Quote the listing below in its entirety, omitting every image.

--- Excerpted records ---
■ ■ ■ ■
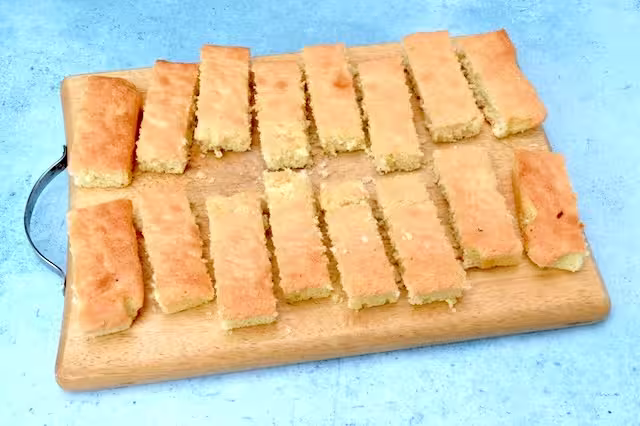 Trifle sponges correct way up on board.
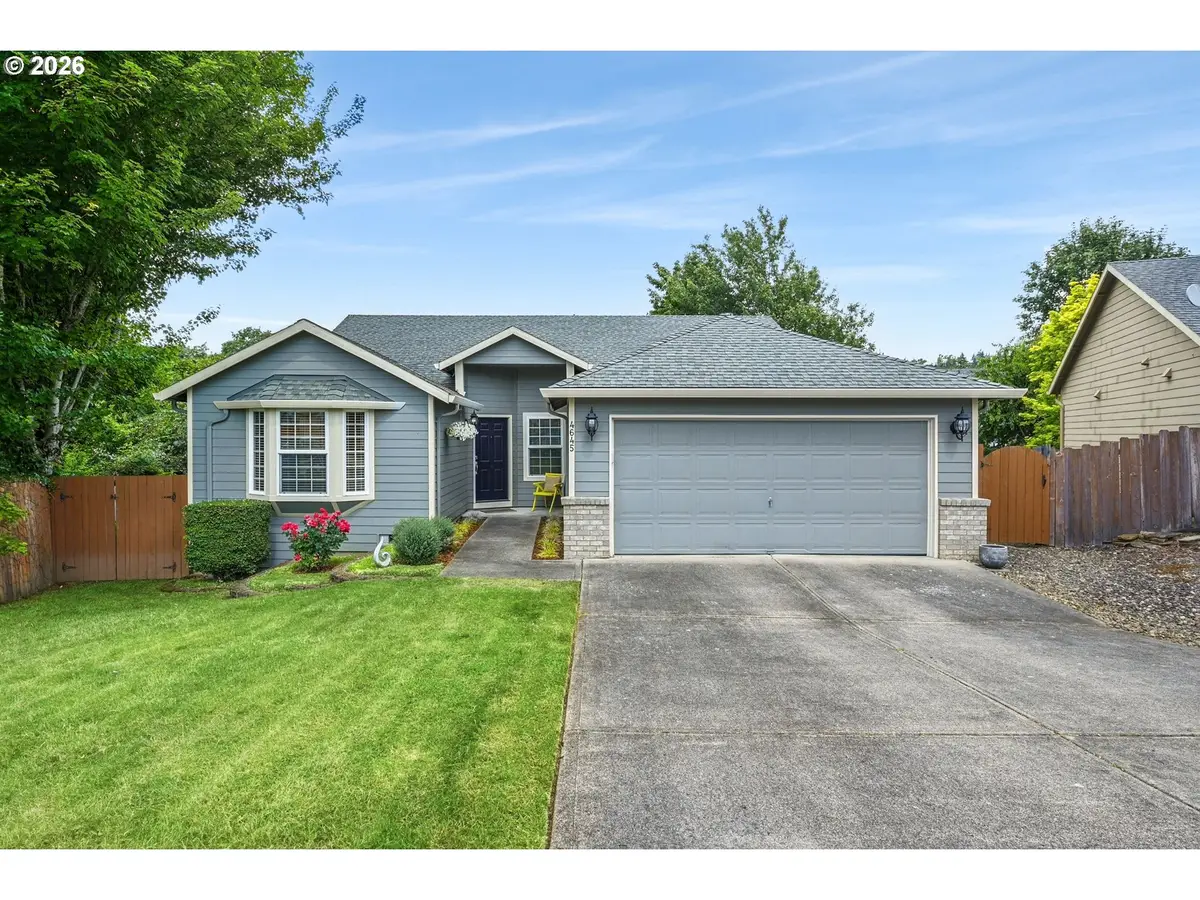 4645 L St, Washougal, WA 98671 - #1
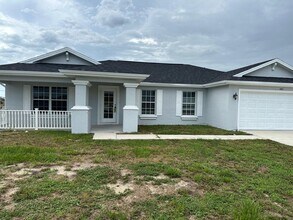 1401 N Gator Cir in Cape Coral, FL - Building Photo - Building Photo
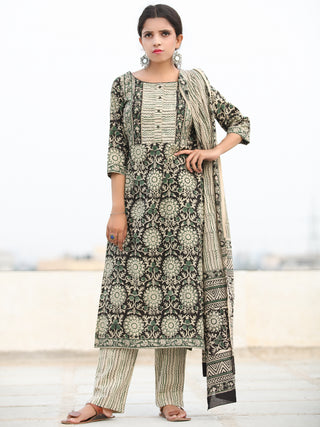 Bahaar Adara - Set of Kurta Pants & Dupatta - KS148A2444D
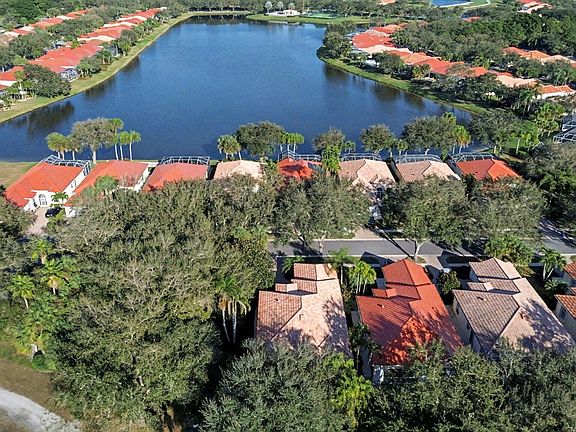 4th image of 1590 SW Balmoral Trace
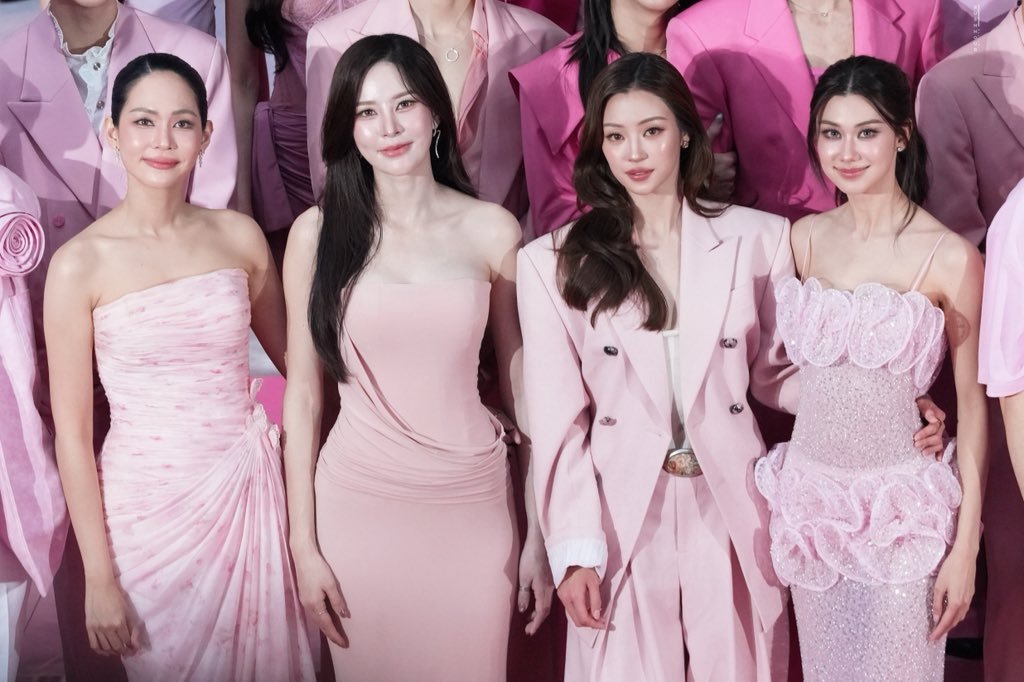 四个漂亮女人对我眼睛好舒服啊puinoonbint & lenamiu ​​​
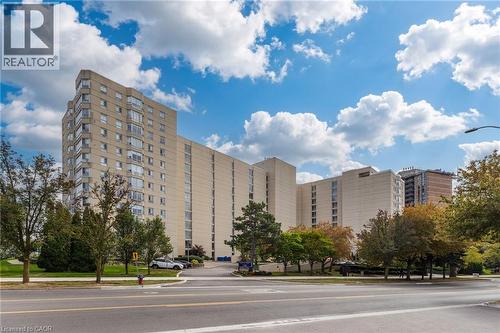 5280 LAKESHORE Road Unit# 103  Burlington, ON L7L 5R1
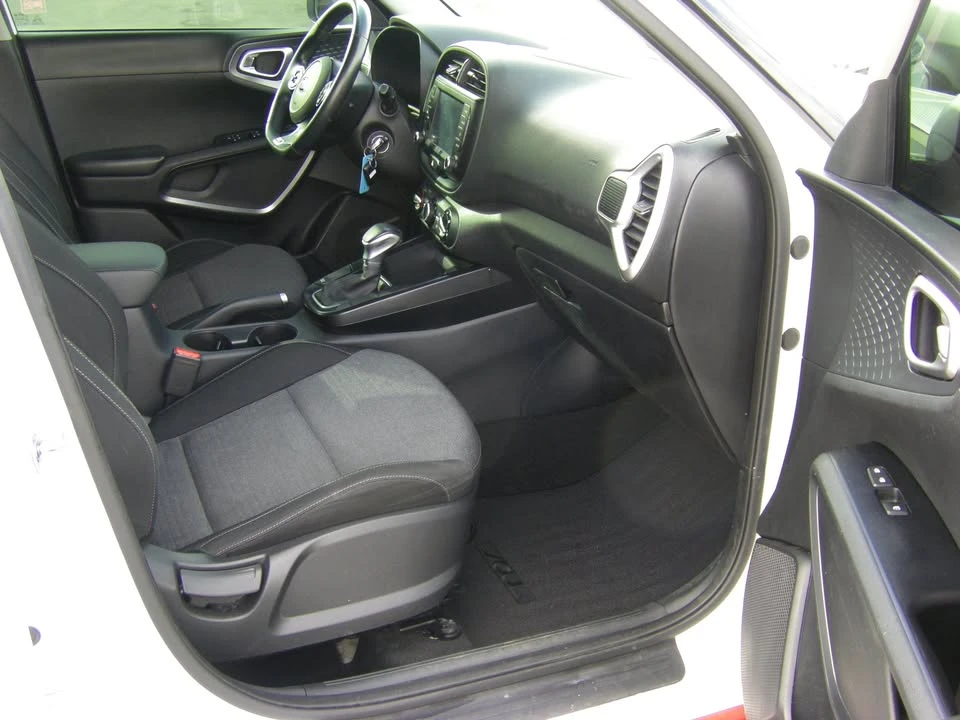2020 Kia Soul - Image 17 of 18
■ ■ ■ ■
--- Solution ---
 Trifle sponges correct way up on board.
 4645 L St, Washougal, WA 98671 - #1
 1401 N Gator Cir in Cape Coral, FL - Building Photo - Building Photo
 Bahaar Adara - Set of Kurta Pants & Dupatta - KS148A2444D
 4th image of 1590 SW Balmoral Trace
 四个漂亮女人对我眼睛好舒服啊puinoonbint & lenamiu ​​​
 5280 LAKESHORE Road Unit# 103  Burlington, ON L7L 5R1
2020 Kia Soul - Image 17 of 18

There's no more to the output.